What Does the Sudan Conflict Mean for Oil and Gas in the Region?

What Does the Sudan Conflict Mean for Oil and Gas in the Region?
Both Sudan and South Sudan's oil production is at risk, according to Dryad Global.
Image by Allexxandar via iStock

Both Sudan and South Sudan’s oil production is at risk.

That’s according to Dryad Global Analyst Hope Finegold, who told Rigzone that South Sudan’s oil production is reliant on two pipelines, both of which run through Sudan and converge at Khartoum “where the fighting is heaviest”.

“Oil flow to terminals will likely be impacted and exports are expected to be reduced due to supply disruptions,” Finegold said.

“Given the lack of alternative transit routes, Bab el–Mandeb in Port Sudan is a strategically important chokepoint. It is likely that a prolonged conflict will cause blockages or closures at Bab el–Mandeb which could lead to significant increases in shipping time and costs,” the analyst added.

Finegold noted that the Sudan Armed Forces (SAF) currently has control over Port Sudan but added that airstrikes were used in the vicinity of the Port area against Rapid Support Forces (RSF) positions.

“During such time, the Al Khair terminal (petroleum and LGP terminal) was temporarily closed,” the analyst said.
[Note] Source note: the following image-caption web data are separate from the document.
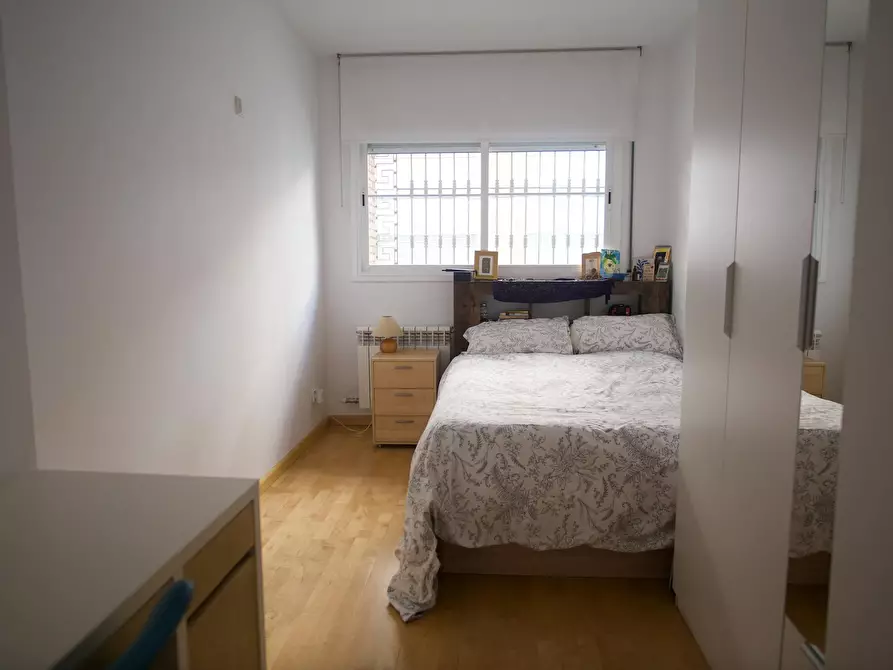 Immagine 1 di Camera in affitto  in Carrer de Batet a Barcelona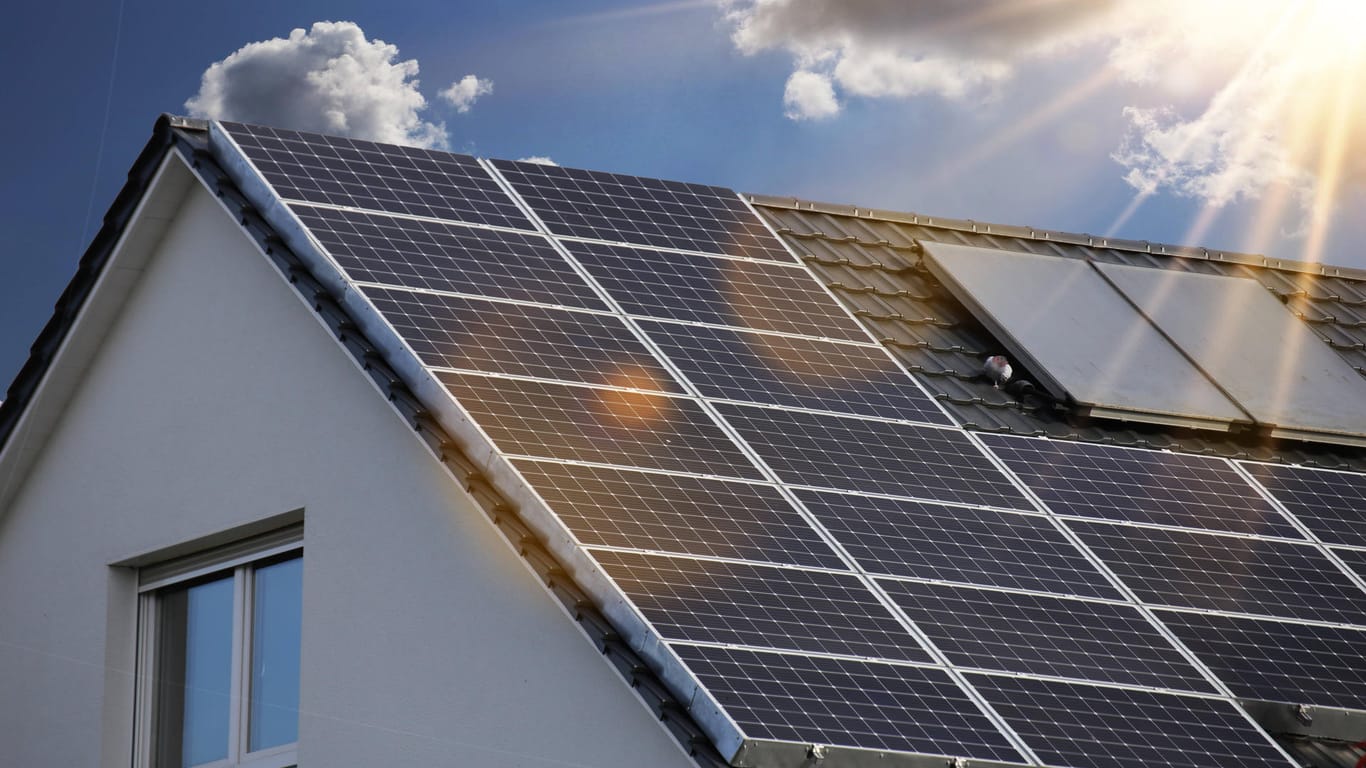 Einfamilienhaus mit PV-Anlage: Müssen bald alle Dächer Solarenergie erzeugen?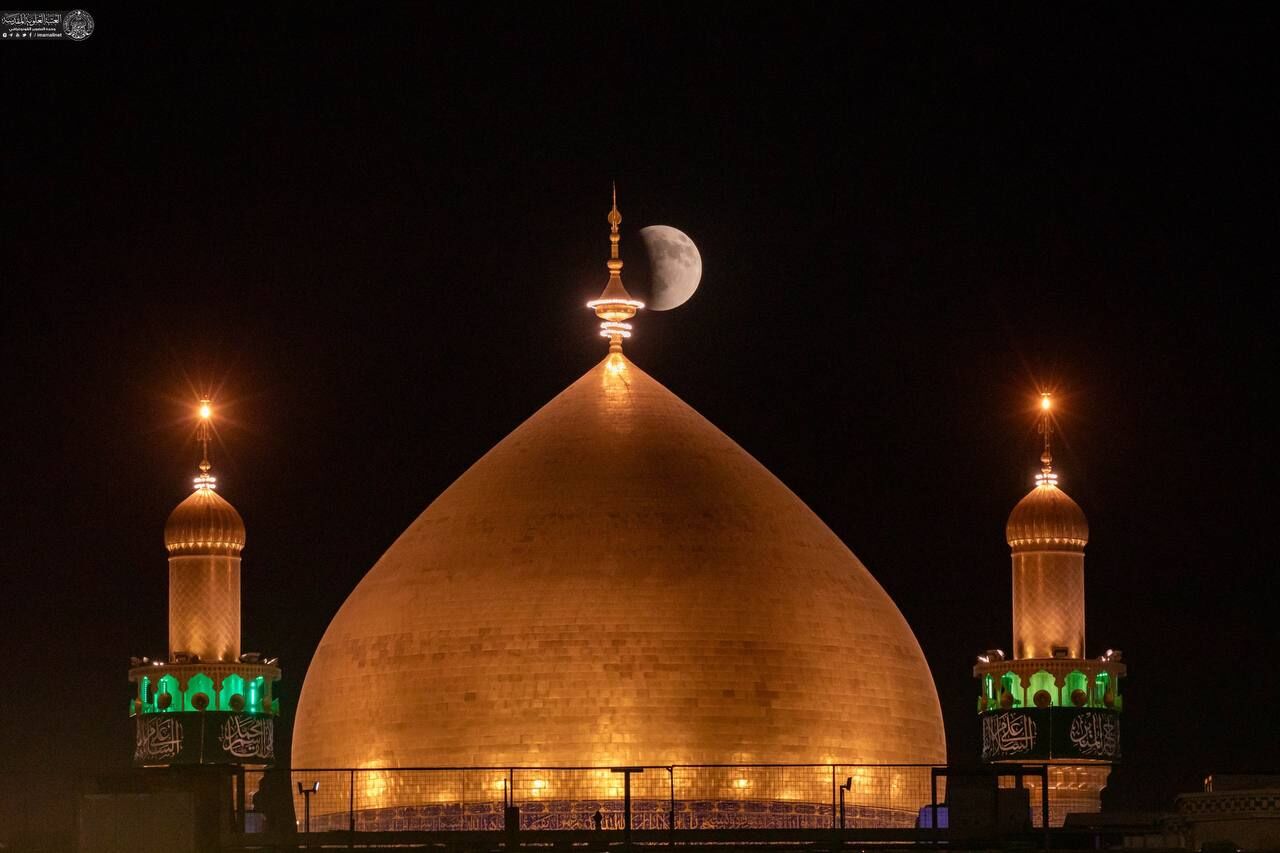 ماه‌گرفتگی در آسمان حرم مطهر امیرالمؤمنین علیه‌السلام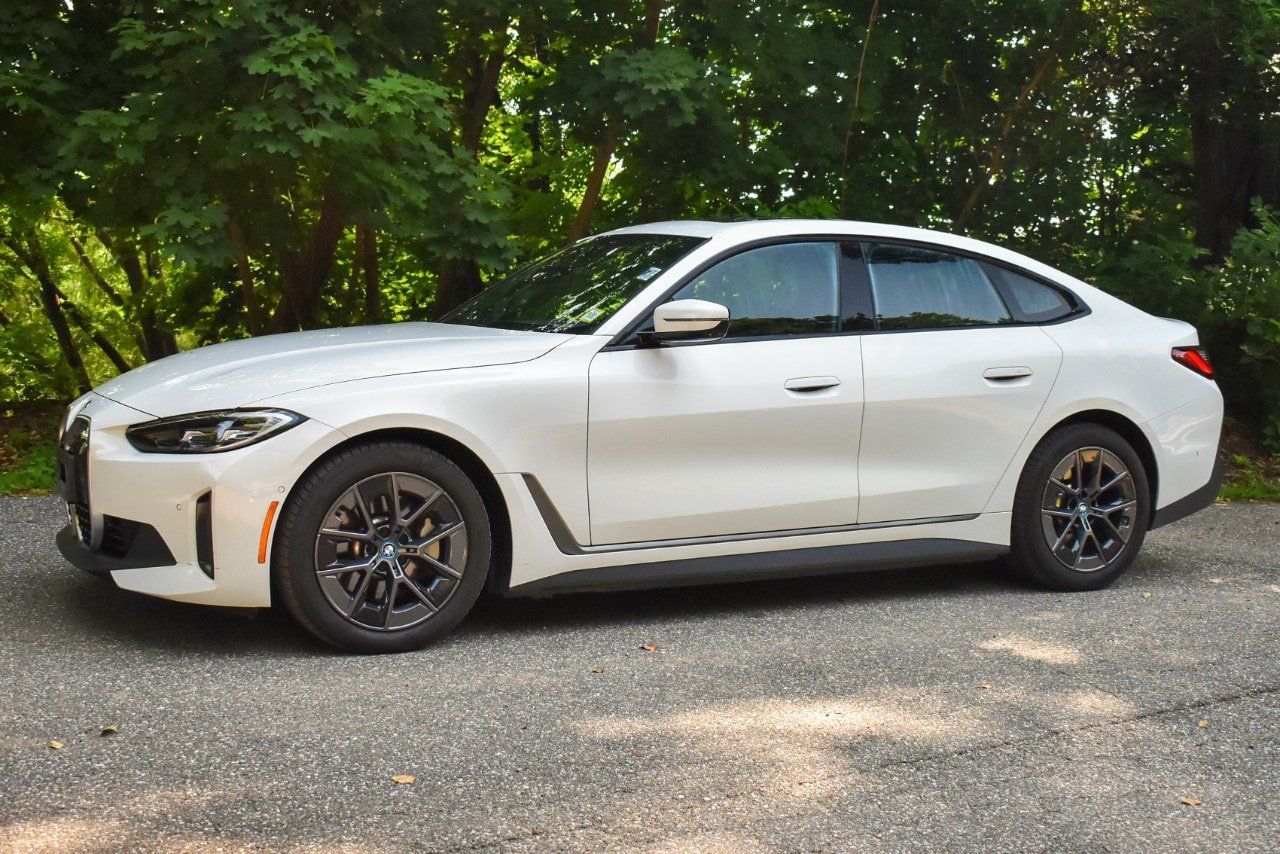 Used 2023 BMW i4 eDrive35 w/ Premium Package RWD image 3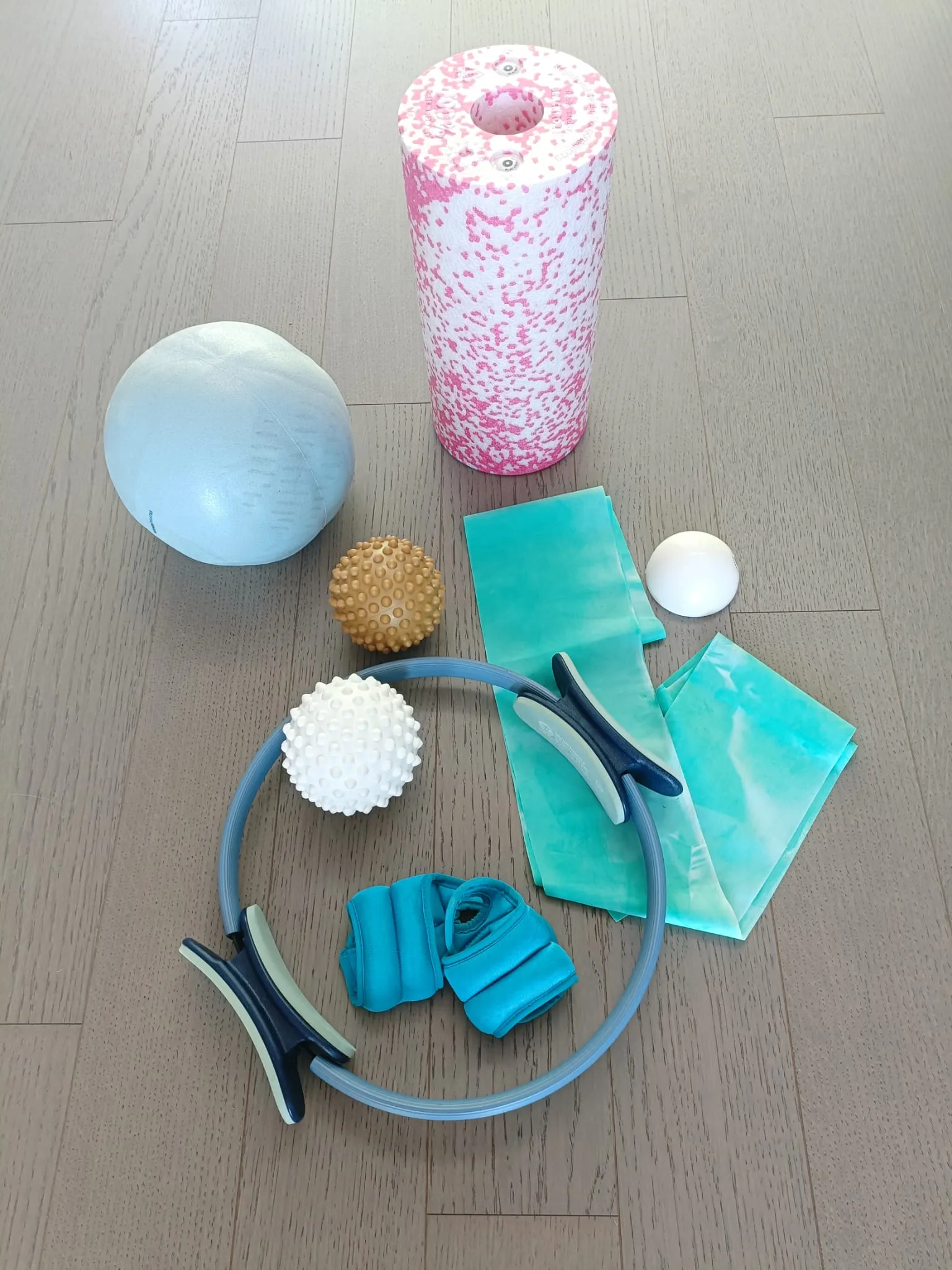 Tapis et accessoires utilisés pour les cours Matwork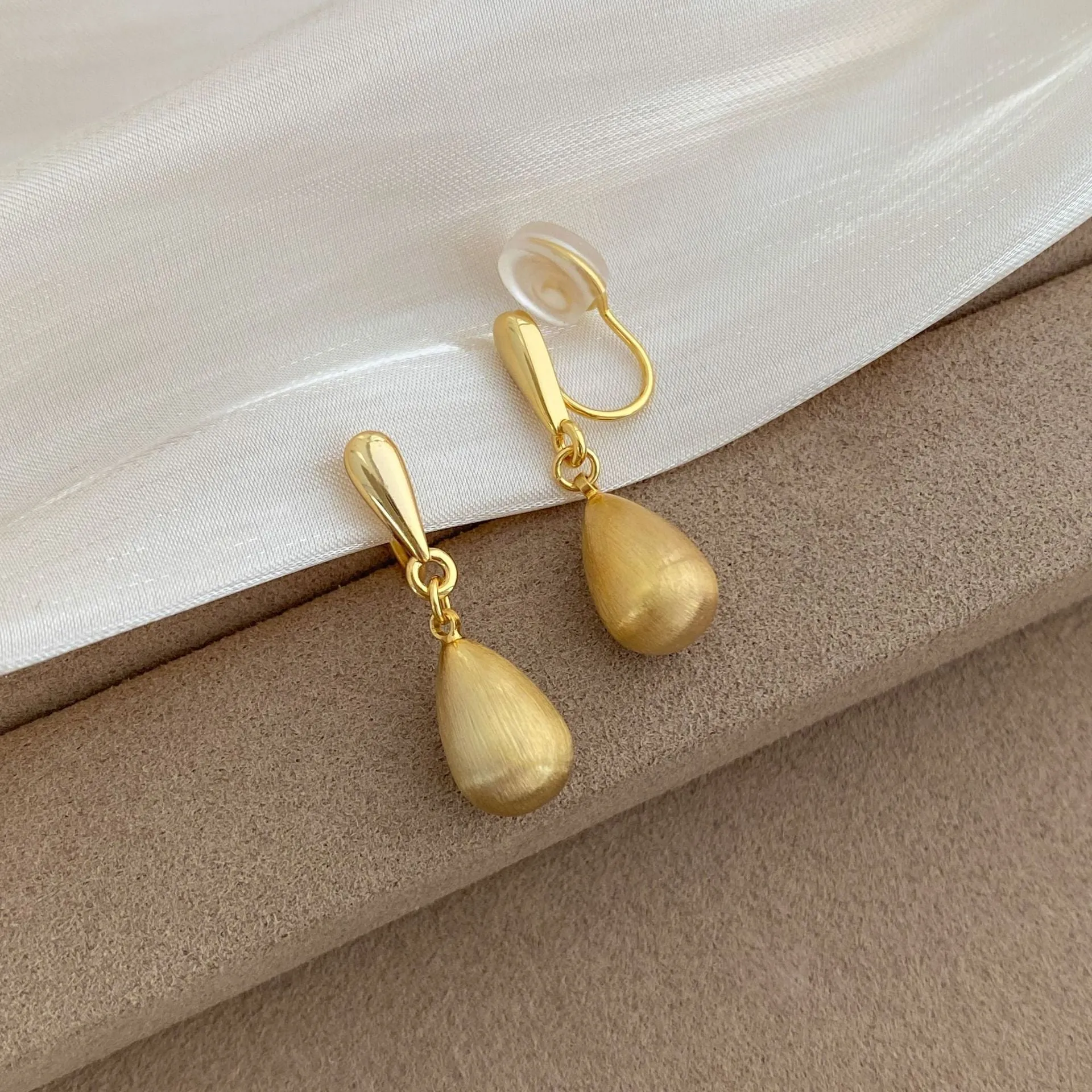 Copper teardrop drop pendant earrings in gold electroplated finish, pair of ear clips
“South Sudan’s oil production continues to flow normally, but if the conflict persists over time and even if the pipelines remain untouched, South Sudan will likely need to reconfigure its supply chain to obtain equipment from outside of Sudan,” Finegold added.

Looking at Sudan’s neighbor Libya, the Dryad Global representative noted that, as long as there is no conflict spillover, oil flow is unlikely to be affected in the country.

“Yet, an increased flow of migrants from Sudan could see some instability rise in Libya’s oil sector as migrants put a strain on already weak state structures,” Finegold said.

“Migrants in Libya are particularly vulnerable to involvement in or targeting by human traffickers and other illicit activities, which could result in increased fuel smuggling due to a strain on already thin rule of law,” the analyst added.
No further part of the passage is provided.